Excerpts from a dataset

★ ★ ★

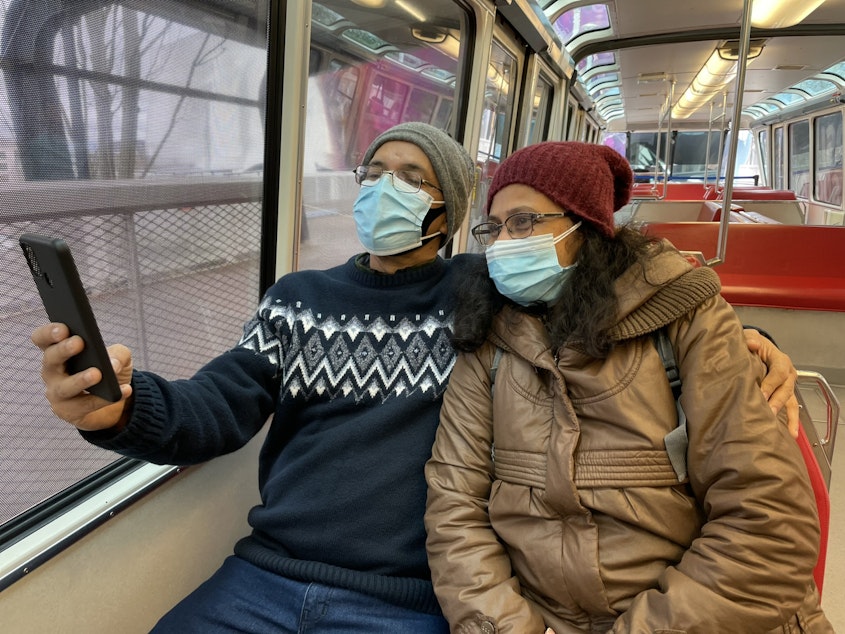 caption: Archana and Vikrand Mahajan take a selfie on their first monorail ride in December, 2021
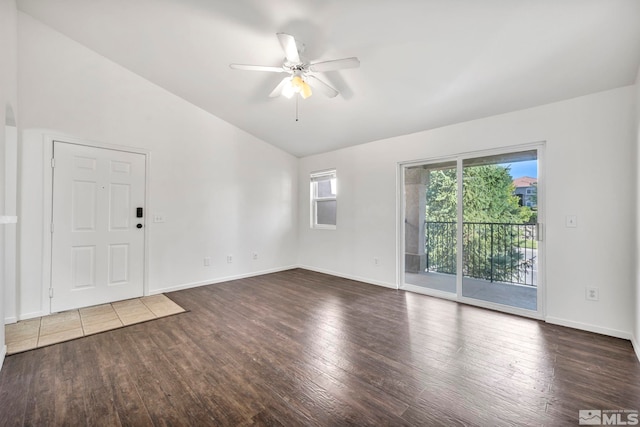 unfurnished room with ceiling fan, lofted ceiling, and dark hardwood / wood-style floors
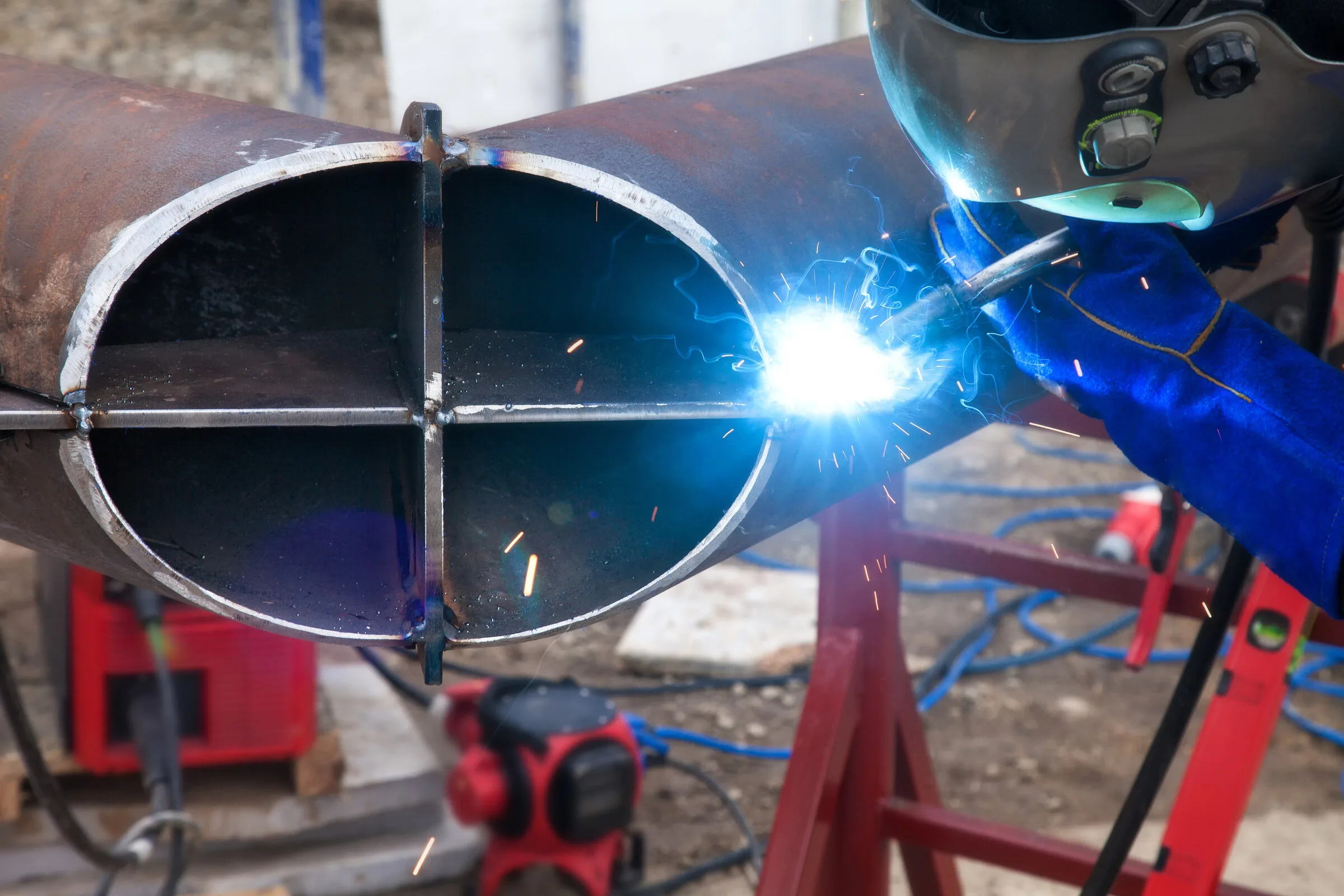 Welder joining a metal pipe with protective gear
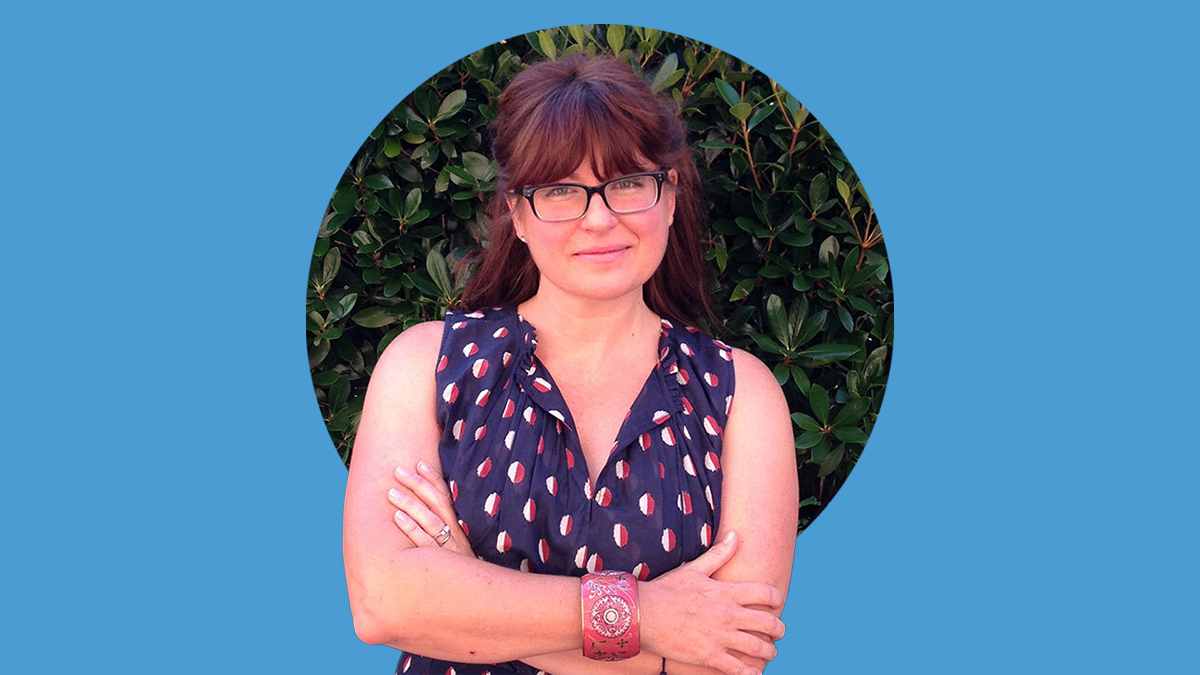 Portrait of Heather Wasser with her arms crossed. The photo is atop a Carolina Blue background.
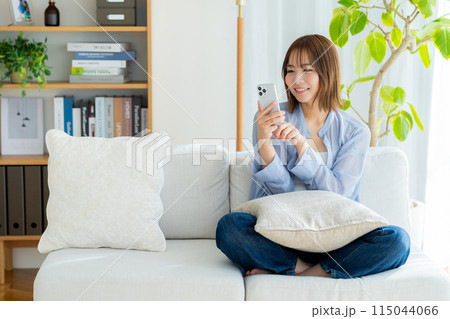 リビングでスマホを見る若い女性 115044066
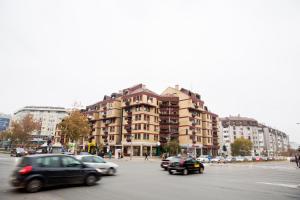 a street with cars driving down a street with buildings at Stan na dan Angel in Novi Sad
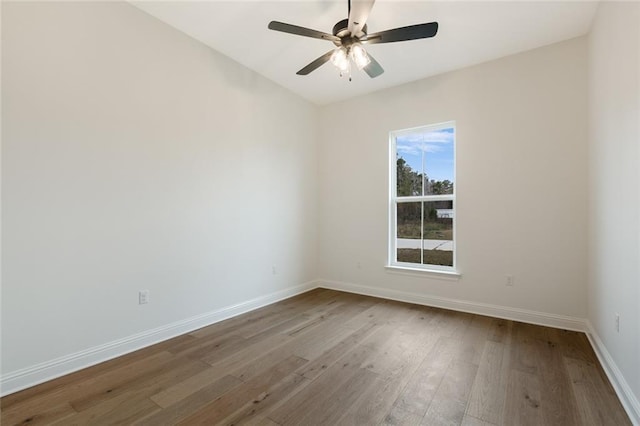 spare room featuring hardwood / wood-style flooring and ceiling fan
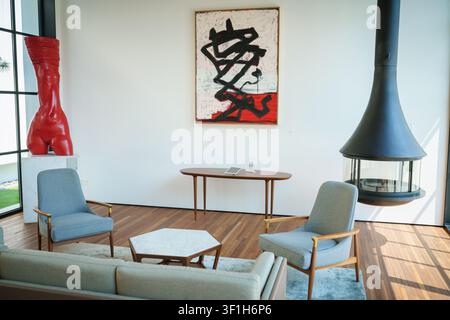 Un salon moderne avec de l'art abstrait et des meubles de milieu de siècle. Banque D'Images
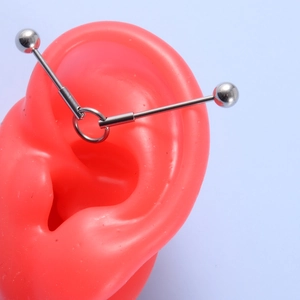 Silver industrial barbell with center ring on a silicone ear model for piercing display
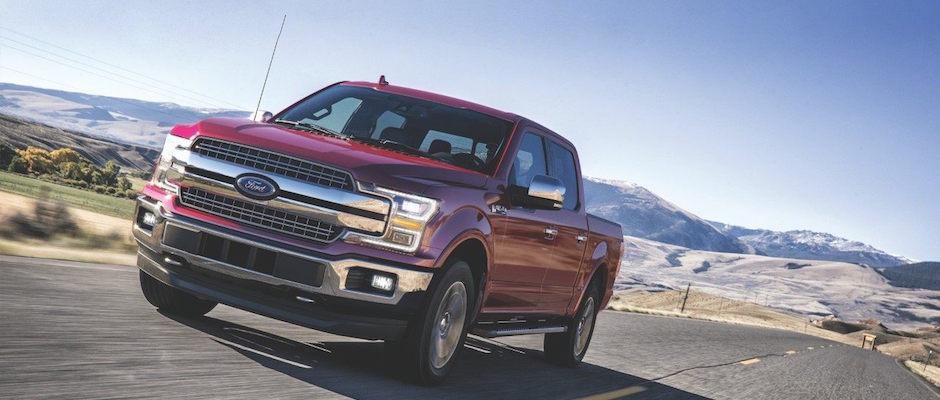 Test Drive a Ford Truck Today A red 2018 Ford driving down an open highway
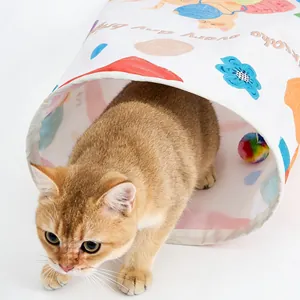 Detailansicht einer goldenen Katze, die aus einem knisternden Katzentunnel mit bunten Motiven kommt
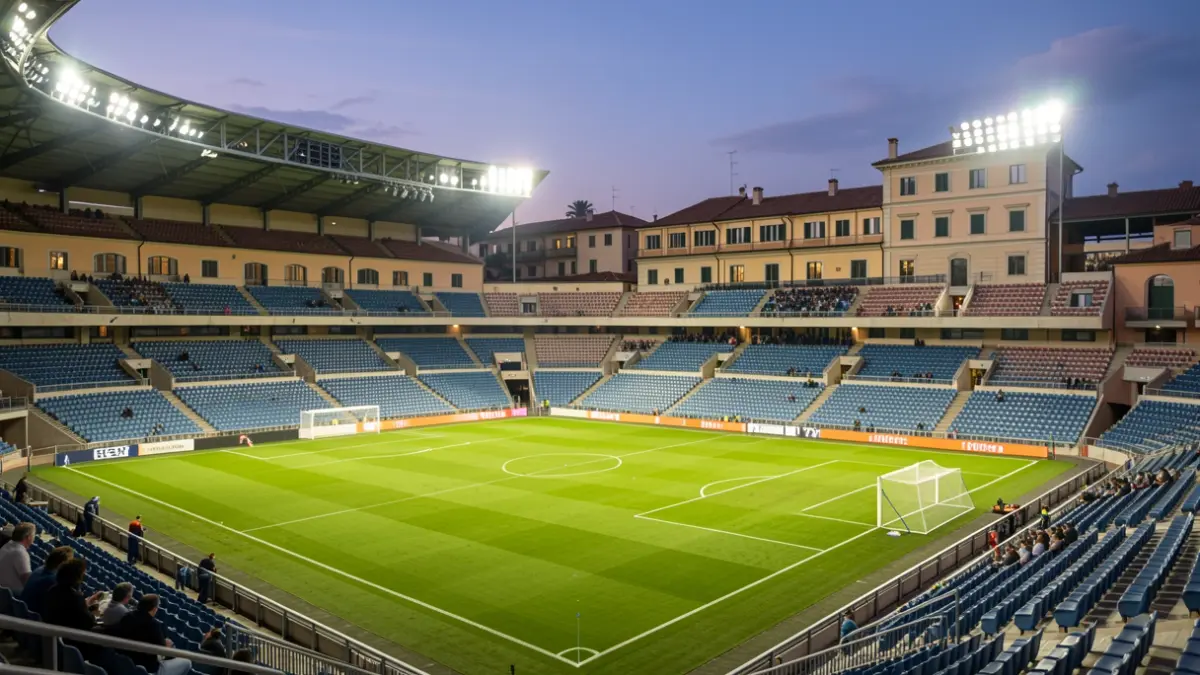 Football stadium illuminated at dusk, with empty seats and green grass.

★ ★ ★

**WHAT IS BEING ASKED**
Among the entries above, locate the line with "unfurnished room with" and the line with "Un salon moderne". Give those two lines and all lines between them again, exactly, leaving out the pictures.

**TASK SOLUTION**
 unfurnished room with ceiling fan, lofted ceiling, and dark hardwood / wood-style floors
 Welder joining a metal pipe with protective gear
 Portrait of Heather Wasser with her arms crossed. The photo is atop a Carolina Blue background.
 リビングでスマホを見る若い女性 115044066
 a street with cars driving down a street with buildings at Stan na dan Angel in Novi Sad
 spare room featuring hardwood / wood-style flooring and ceiling fan
 Un salon moderne avec de l'art abstrait et des meubles de milieu de siècle. Banque D'Images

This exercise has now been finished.